Repair Electric Kettle.

Collection of Kettles

I have a collection of kettles. Jug kettle, electric kettle and conventional stove kettle. This is not my hobby. I accumulated that many kettles because I refused to discard them after they failed. 
Electric Kettles and Jug Kettle

A conventional stove kettle is kept in my house for emergency purposes, in the event of a power failure. The failed electric kettles were kept in the kitchen cabinet, pending a solution.

I considered the failed kettle too good to dispose off as scrap metal. It is also too expensive to repair. The repair cost is not justifiable.  

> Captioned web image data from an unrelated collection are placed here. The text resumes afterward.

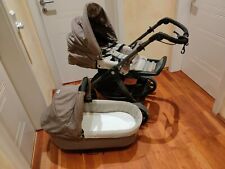 Kombi kinderwagen teutonia gebraucht kaufen  Glashütten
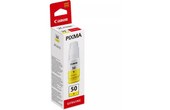 Canon GI-50Y - Bouteille d'encre jaune Canon 3405C001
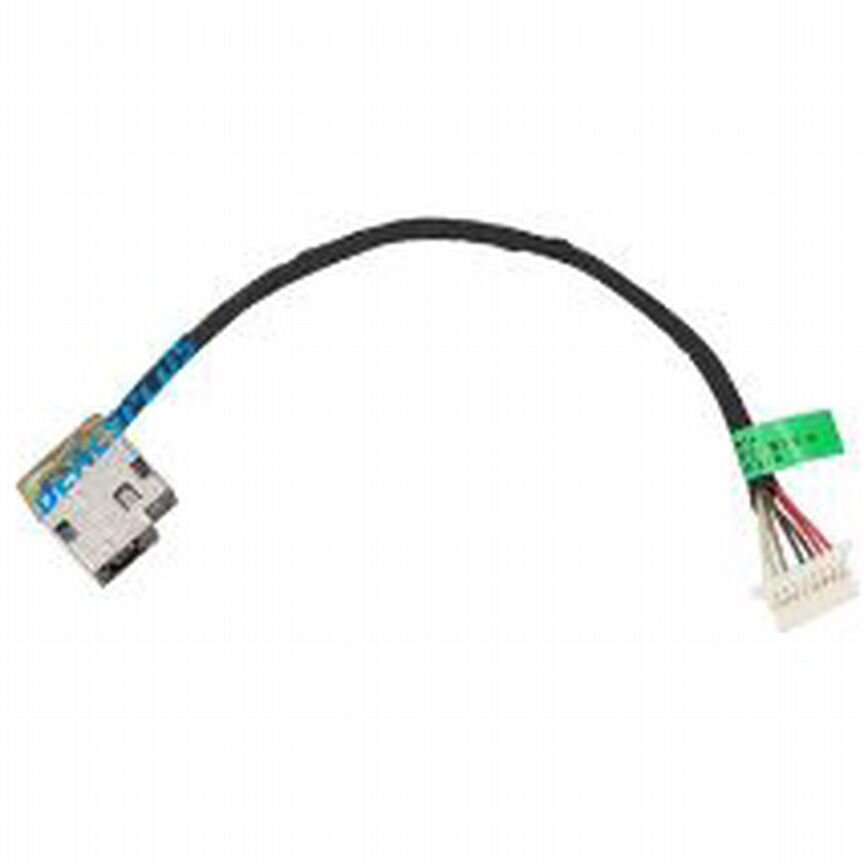 Разъем питания для HP 14-AB, 15-AB, 15Z-AB, 15T-AB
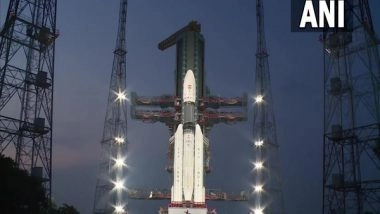 India News | ISRO to Launch 36 Satellites in Its Heaviest Rocket from Sriharikota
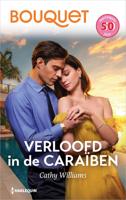 Verloofd in de Caraïben - Cathy Williams - ebook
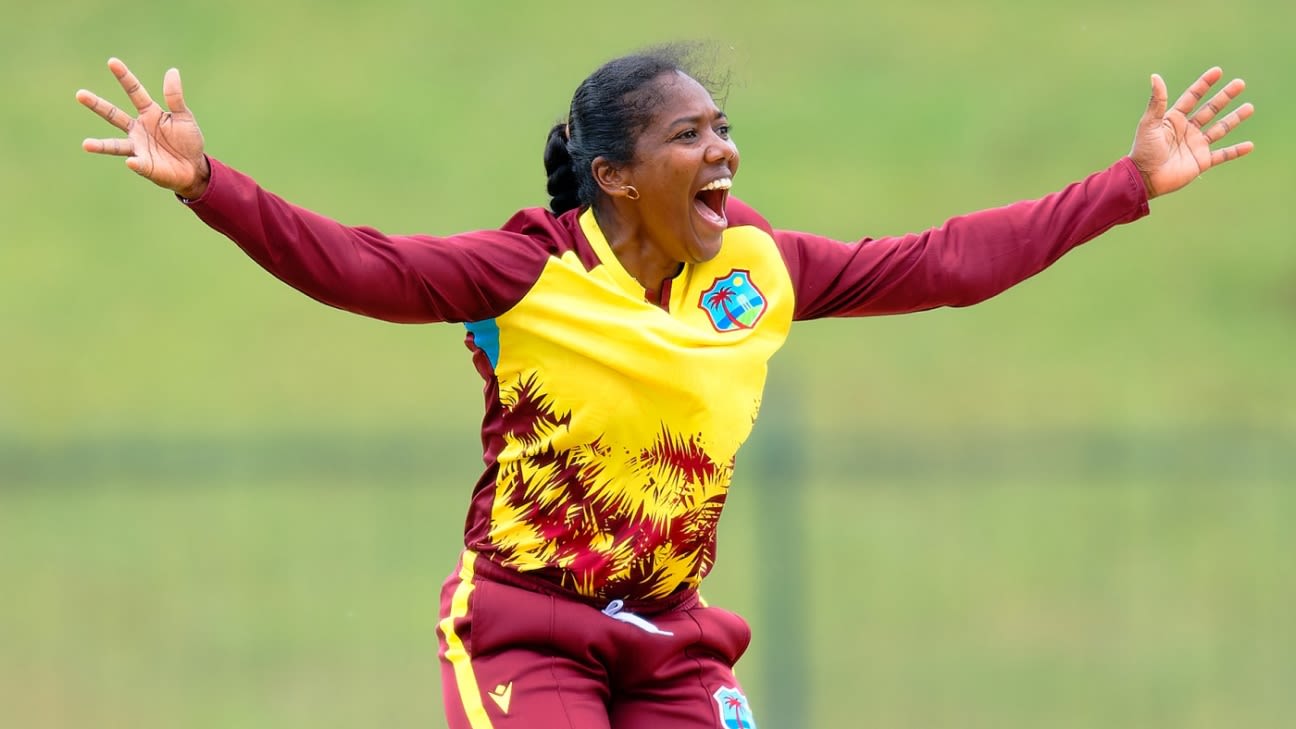 Detailed Seales' Strikes, Rutherford's Blitz, Chase's Calm Help West Indies Pull Level Landscape Photography Detailed Seales' Strikes, Rutherford's Blitz, Chase's Calm Help West Indies Pull Level Landscape Photography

The standard repair cost (Panasonic, Sanyo or Faber) is about RM120.00 (USD40.00).
            Heating element RM30.00
            Thermostat          RM20.00
            Labour charges   RM70.00
                                        ----------------
           Total                      RM120.00
                                        =========
Thermostat on the Left   and   Heating element on the Right

This is equivalent to the price of a new electric kettle.
The cheaper brands of kettles, made in Malaysia or China cost only about RM90.00(USD30.00)

Why bother to repair the kettle when the new one cost less than the cost of repair? Think of the mother Earth, think re-cycling.

The electric kettle comprises six components i.e. the body, the cover, the handle, the heating element, the thermostat and the silicon or rubber seal between the thermostat and the heating element. The components that usually failed are either the heating element or the thermostat or both.

With DIY skills, repairing an electric kettle is only a screw driver job of 30minutes.
Heating element positioned inside the kettle

I just discovered an electrical components and parts shop in Jalan Pasar, Kuala Lumpur that sells the kettle heating element and the thermostat. The price of these two components are affordable and justifiable to repair the kettle.These two components are standard sizes and fitted most brands of electric kettles.

The heating element cost RM20.00(USD6.30) and the thermostat cost RM12.00(USD4.00).
Secure the Thermostat to the heating element with 3 screws.

I got my old Panasonic kettle working for only RM32.00(USD10.80)

The old kettle bodies are more sturdy. The new kettle in the market today has a thinner steel sheet for the body, slimmer handle and poor quality heating element & thermostat. The Standard life span of new kettle is approximately three years only, as compared to my old faithfully kettle lasting more than ten years..
Old Kettle repaired @ the cost of RM32.00.

Saturday, March 5, 2011

Assembling and Installing Curtain Rail

Completely assembled curtain rail.


A standard double storey link or terrace house usually comes with  five (5) windows and one sliding main door plus one side door. This exclude the small toilet windows. For the 3-room apartment, there are three standard windows plus one large window at the lounge.
Blank curtain rail cut to the required length

The standard window size is four feet by four feet ( 4 X 4). The master bedroom window is slightly bigger, i.e. six feet by four feet ( 6 X 4). The sliding glass door at the lounge is usually ten feet by seven feet (10 X 7)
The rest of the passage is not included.